April 01, 2010 08:33 pm | Updated November 28, 2021 08:50 pm IST - Mumbai

Prime Minister Manmohan Singh. File photo

Prime Minister Manmohan Singh. File photo

Prime Minister Manmohan Singh on Thursday asked the Reserve Bank of India (RBI) to keep inflation under check, ensure stability of the financial sector and meet financial intermediation to get back the Indian economy on the high growth path and ensure inclusive growth.

“As we pursue our objective of achieving rapid and inclusive growth, our monetary and financial policies must be guided by three objectives. First, they must ensure that inflation is kept under control since it hurts the common man the most and also distorts economic signals. Second, they must ensure stability of the banking and financial sector since otherwise we run the risk of experiencing financial crises which always impose high costs. Third, they must meet the financial intermediation needs of rapid and inclusive growth,” said Dr. Singh, while speaking at the function to mark the Final Platinum Jubilee of the RBI here.

Dr. Singh asserted that the Indian economy would have a 9 per cent growth by 2011-12, i.e. the end of the 11th Five Year Plan. The Prime Minister has also directed the Planning Commission to explore the feasibility of achieving 10 per cent growth in the 12th Five Year Plan.

Acknowledging that the monetary policies cannot achieve their objective without a stable macro-economic environment, Dr. Singh said the government was committed to containing the fiscal deficit.
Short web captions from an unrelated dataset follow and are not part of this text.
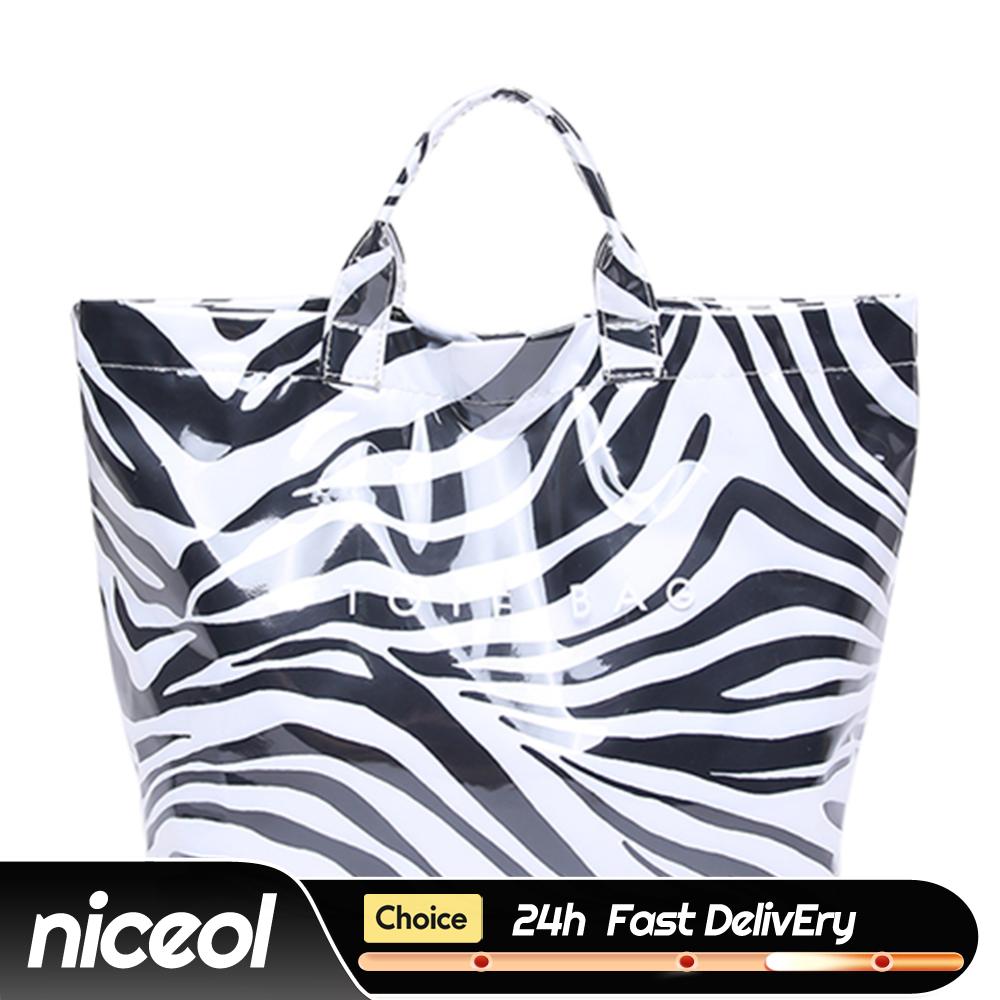 Hobo Bag Slouchy - Women Fashion Tote Bag Casual Tote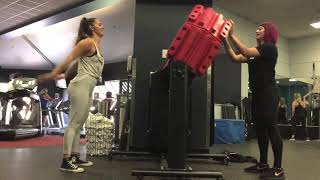 Marpo Fitness Functional Tire Trainer Marpo Fitness Functional Tire Trainer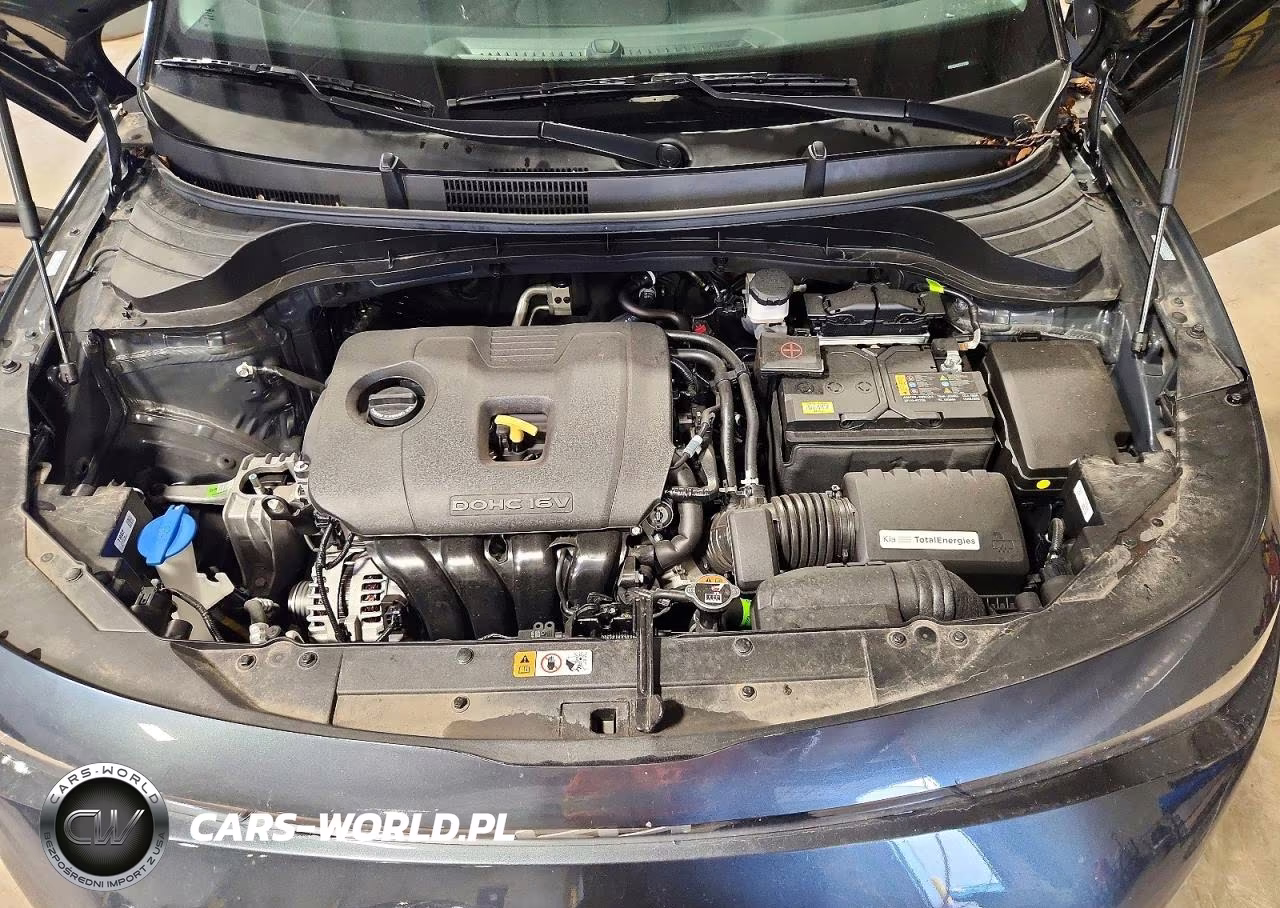 2025 Kia Soul Ex VIN:KNDJ33AU2S7273787 - 12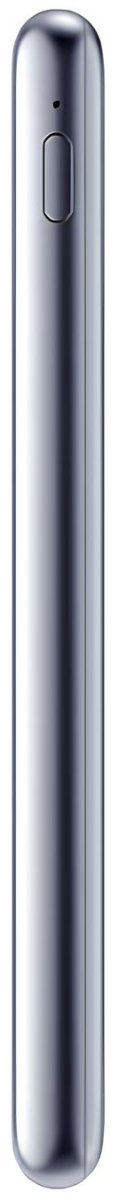 Портативный аккумулятор Xiaomi Ultra Slim Power Bank 5000mAh серый BHR9535GL
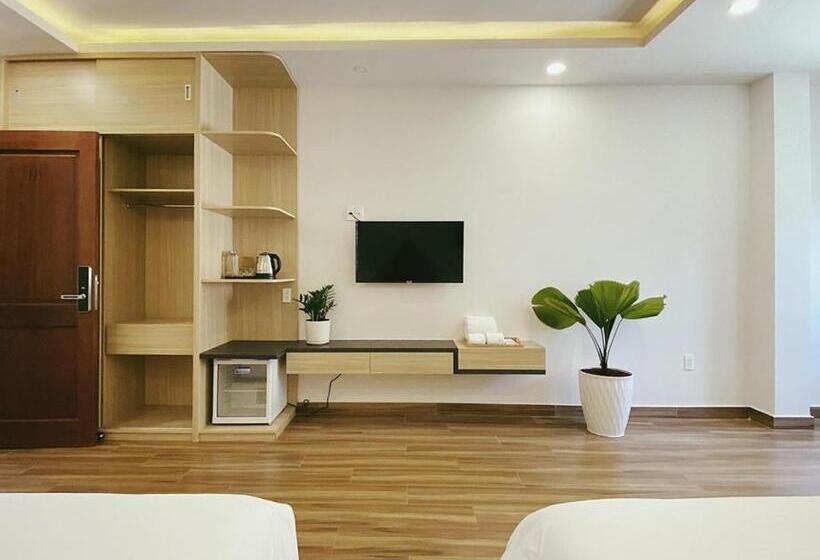 هتل Ngo The Gallery Dalat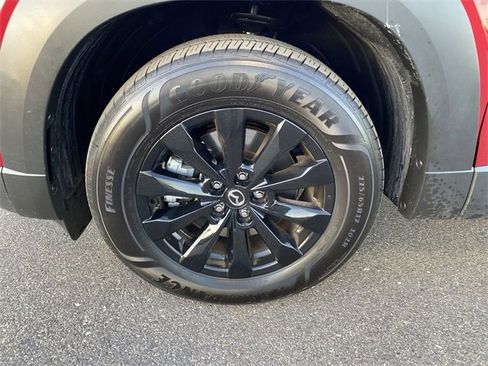 Certified 2025 MAZDA CX-50 AWD 2.5 S w/ Cargo Package image 10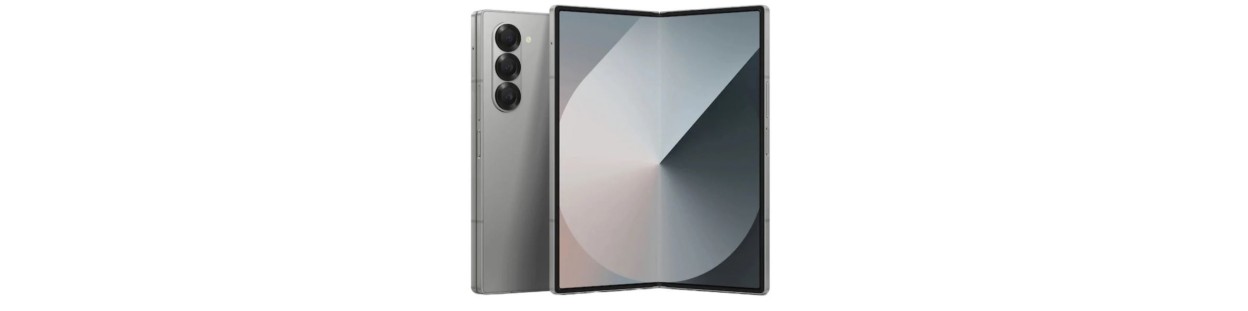 Galaxy Z Fold 6 (SM-F956B/DS)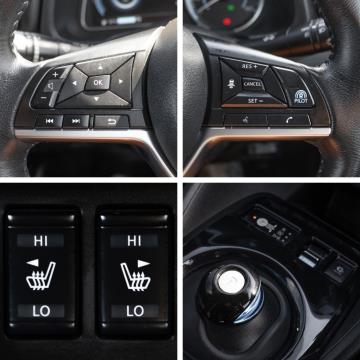 2023 Nissan Leaf E+ G 62kWh - Thumbnail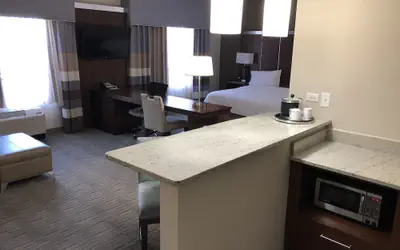 Hampton Inn & Suites Chapel Hill/Carrboro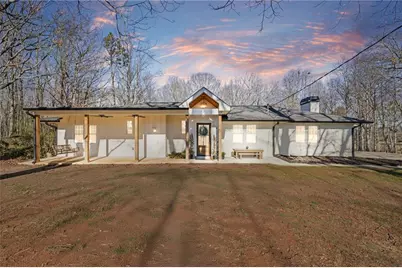 4126 Tanners Mill Road, Braselton, GA 30517 - Photo 6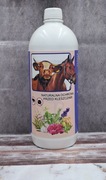 ŻEL - NATURALNA OCHRONA PRZED KLESZCZAMI 1 L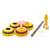 F000497  Kemppi FE (MC/FC) V1.6 Feed Roll Kit #20 for X5 FastMig / MasterMig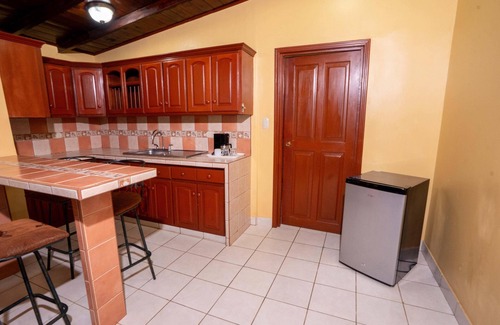 Managua Hotel | Best Western Las Mercedes Airport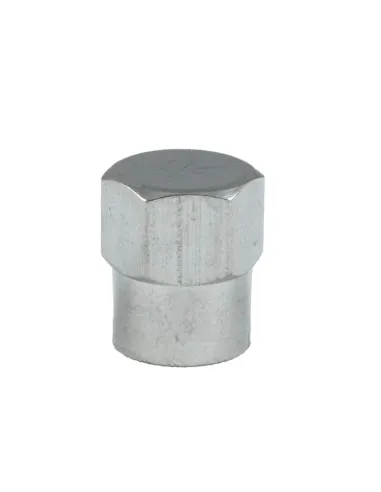 11900 Set De 4 Tapones De Aluminio Para Válvula...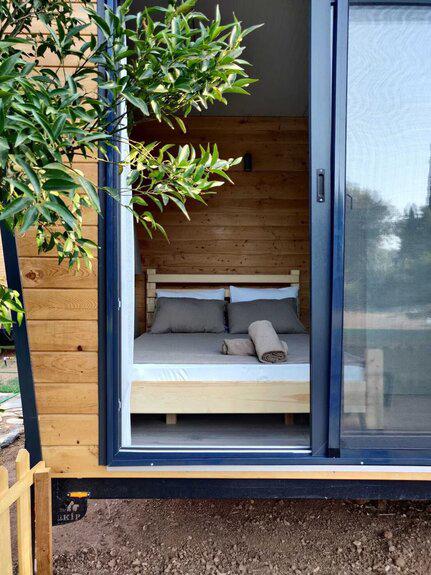 Gaia Tiny Houses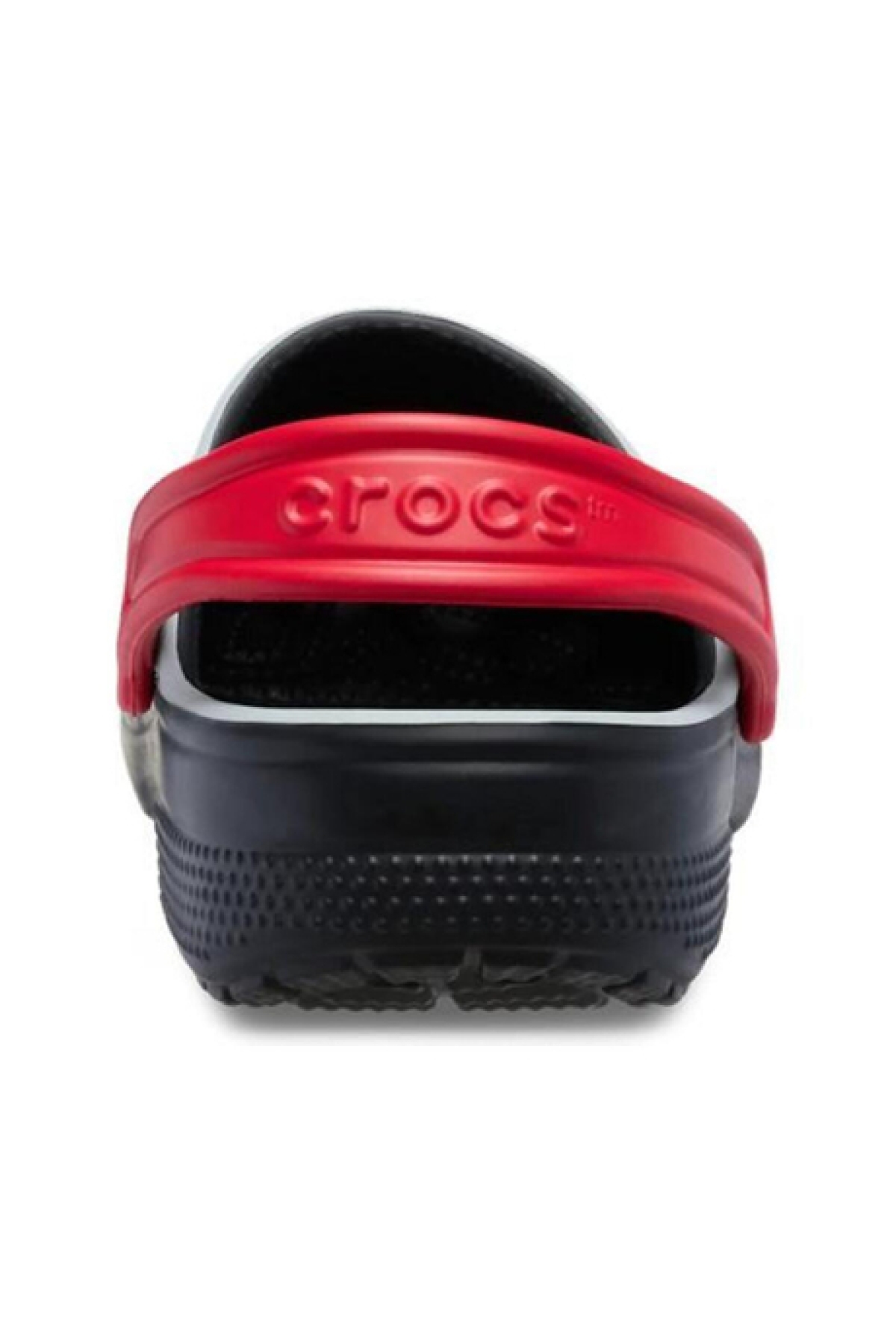 Classic Retro Sport Clog Unisex Terlik 211281 - Görsel 5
It had increased measures for countering the effects of global crisis in the last two years.

“We allowed a large increase in the fiscal deficit in the past two years as we responded to the global crisis. This must now be reversed. We are therefore, firmly committed to bringing the economy back to a fiscally sustainable path. This involves a reduction in the fiscal deficit from 6.8 per cent of GDP in 2009-10 to 5.5 per cent in 2010-11 with a further reduction in the next two years reaching 4.1 per cent in 2012-13,” Dr. Singh said.

He said the current government policy of calibrated opening of the capital account would continue in view of its success in the current macro-economic scenario.

“In fact, in an economy open to capital flows, monetary discipline in the face of fiscal imbalances can lead to a rise in interest rates triggering excessive capital inflows, which in turn put pressure on the exchange rate, making the task of macro-management that much more difficult. This is the well known problem of the impossible trinity or trilemma. In an economy with capital mobility you cannot simultaneously have exchange rate stability and an independent monetary policy.”

Finance Minister Pranab Mukherjee said the government aimed at moving towards a modern, financial system with appropriately strengthened and autonomous regulators and central bank.